Jad-bal-ja somnolait sur une herbe jaune et rare quand l’homme, un mâle de

taille moyenne, lui apparut. Il aurait pu sentir son approche sans la présence

des girafes à deux cents mètres qui occupaient son système olfactif et l’odeur

de terre qui remontait depuis que la pluie avait cessé. Il avait plu toute la nuit

précédente et, quand l’orage avait touché la ville et que les lionnes étaient

rentrées se mettre à l’abri, il était resté sous les éclairs à écouter le martèlement

de la pluie sur le sol et les craquements du tonnerre dans la nuit qui noyaient

les bruits de la cité et rétablissaient la primauté sonore de la nature originelle.

L’homme avait longé l’enceinte du fossé, un fossé moins large que celui

qu’il avait établi entre sa propre espèce et les autres, mais tout aussi

infranchissable. Puis il s’était arrêté pour considérer le lion derrière l’écran de

verre, depuis le belvédère, comme le faisaient tous les visiteurs.

Des humains, Jad-bal-ja en voyait défiler tous les jours, de tous les âges et

de toutes les tailles, autour de son domaine et il les observait plus par habitude

que par curiosité, car il y avait bien longtemps qu’il avait perdu intérêt à leur

présence.

L’homme derrière la barrière de verre fixait toujours le lion, mais le fauve

avait replongé dans la contemplation de ses pattes étendues devant lui.

En milieu naturel, un lion consacre quatre-vingts pour cent de son activité à

la recherche de nourriture ; le reste du temps, soit dix-huit à vingt heures par

jour environ, il ne fait rien, il dort.

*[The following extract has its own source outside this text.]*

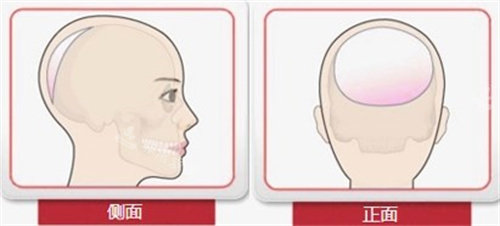 后脑勺整形手术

Mais ses sens restent en alerte, à l’affut d’un6

bruit, de l’effluve d’une femelle, d’un rival ou d’une opportunité. La machine

travaille. Les soigneurs faisaient de leur mieux pour stimuler l’intérêt des

fauves en captivité, car l’ennui réduit l’espérance de vie des animaux, et les

animaux déprimés ne plaisent pas aux enfants. Or les zoos vivent des enfants.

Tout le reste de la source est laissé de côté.